Smell My Type

Consider FORM, MOTION, LIGHTING, TEXTURE, SCREEN, 3D/ENVIRONMENTS and FLAT PRINTED SURFACES within typography, to create a clear expression upon the college site.

Initial Ideas:

Images of interesting text collected in one afternoon.

  • Overheard Conversation: Choose an area of the college and leave a voice recorder there over the course of the day. Keep a frequency chart of the words picked up by the recorder and the time they were used at, (as if they were trending). Have the word change according the time of day, e.g the word ‘Bus’ may be the most frequently used word at 10am, but it may change to ‘Lunch’ at 1pm. This could be live and interactive with the correct programming, however I do not think this is something I could achieve in the 2 weeks. I also think if I were using the paper graph method, I would have to record a number of days for the results to be fair, which would be very time consuming and the end product would probably not reflect the amount of time spent on it.
  • Location: I started thinking about areas of the college that people HAVE to visit everyday, this way, if I created my statement there, they would not be able to miss it. My initial ideas were: The lifts, Swipe card barriers, doors, clothing and footsteps. The more I think about the issue of location the more I realise quite how vital it is and how important it is to get it right!
  • Student Debt: I thought that a good way to get people interested is to chose something that people can relate to. And with the majority of the people at university being students, almost all of them can relate to student debt. As the tuition fees now being £9000 a year, money is now even more of the problem for students, many choosing not to continue into higher education to avoid the enormous debt. So I thought it could perhaps use the average amount of debt as my statement, and use it as a shadow looming down over students.

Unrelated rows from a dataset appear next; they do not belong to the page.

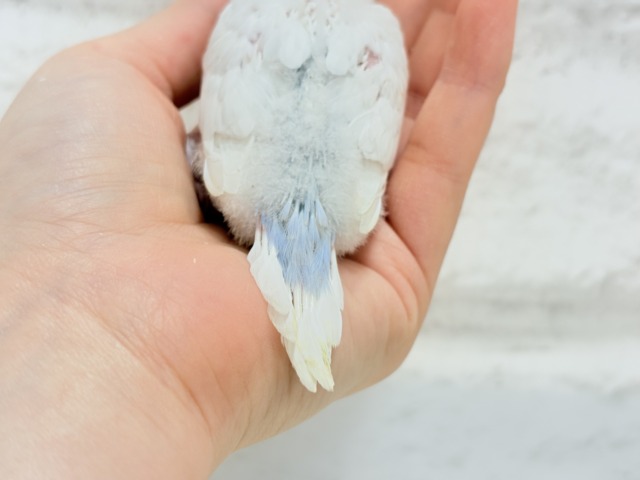 真っ白ホワイトソーダ🐣🫧セキセイインコ ヒナ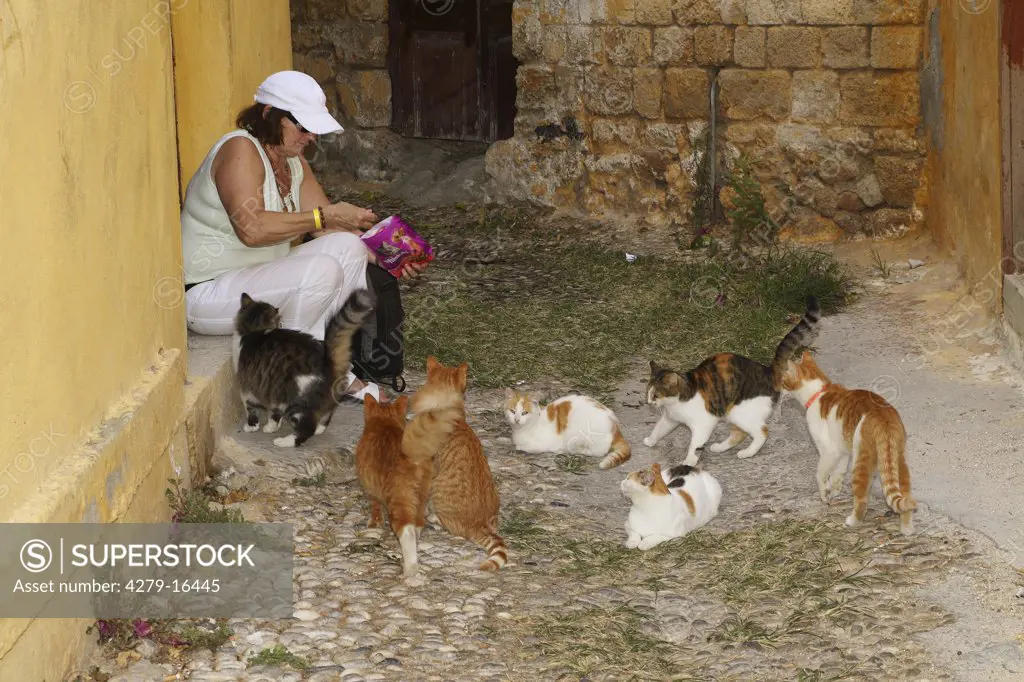 woman feeding cats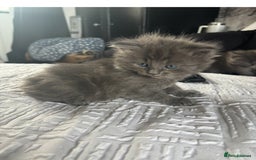 Ragdoll cats for sale: Gray fluffy kittens  - Image 2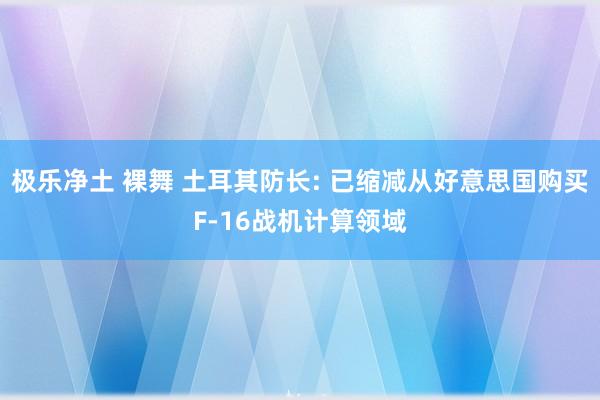 极乐净土 裸舞 土耳其防长: 已缩减从好意思国购买F-16战机计算领域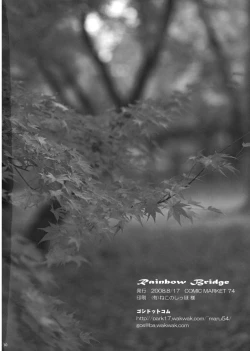 Page 30 of Rainbow Bridge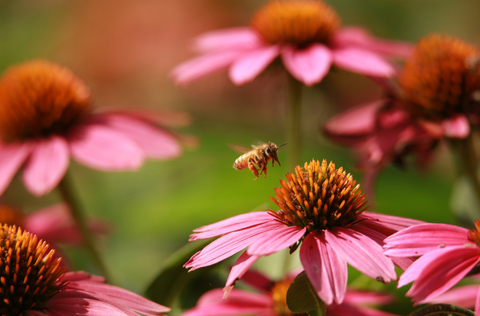 close-up of a bee about to land on a pink coneflower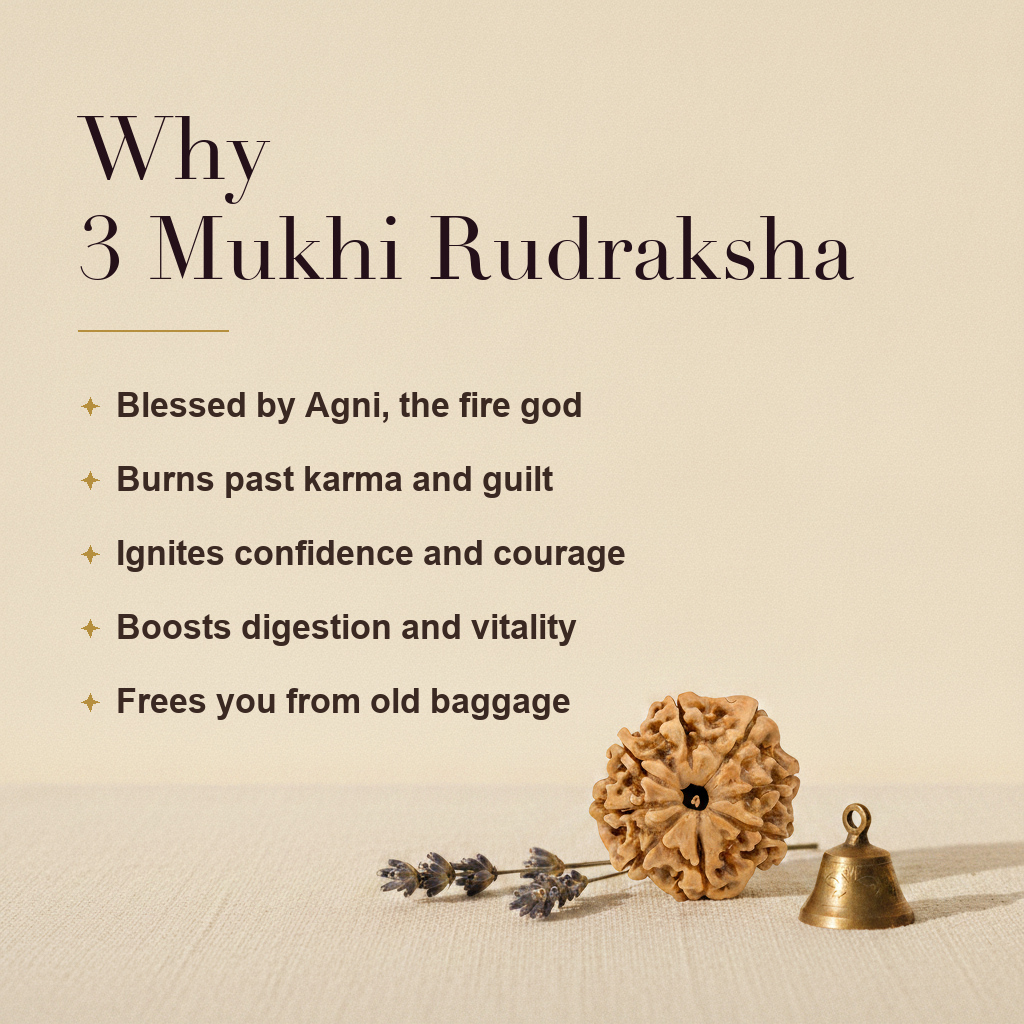 Why 3 Mukhi Rudraksha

Rainfall: I remember hearing that 2012 was one of the wettest years ever recorded for the UK, it certainly felt like it! So I thought that I could create something that was based around that, perhaps plastic containers in the shape of text, that would be placed outside, filled with the rainfall for that year. I could then create a 2013 one, where people could predict the rainfall for this year by filling it with water.

Developing Ideas

I decided to develop and investigate into making my student debt idea happen, as it was the one that I was the most excited about and seemed to be the most practical.

(Creative Review)

There was an advertisement on TV a few years ago where it showed a student, troubled by their debt, being followed by a raven or crow (symbolising grief, death and bad luck). And this is along the lines of what I want to achieve. The idea that we are paying huge sums of money to study here, and it does not matter how much we try to ignore it, the fact that we will finish our degree owing massive amounts of money, no matter how well we have done, is still going to follow us around for probably the rest of our lives. I started doing some research and found this link, estimating that the average student who started their 3 year degree course in 2012, will have to pay £53,330. It also claims that a student studying in London will need to pay £65,504, which is a shockingly large amount of money. It is statements like that which students will not want to think about, and will surely think that what they are getting from their course is not worth that kind of money, this is why I decided on using £65,504 as my statement.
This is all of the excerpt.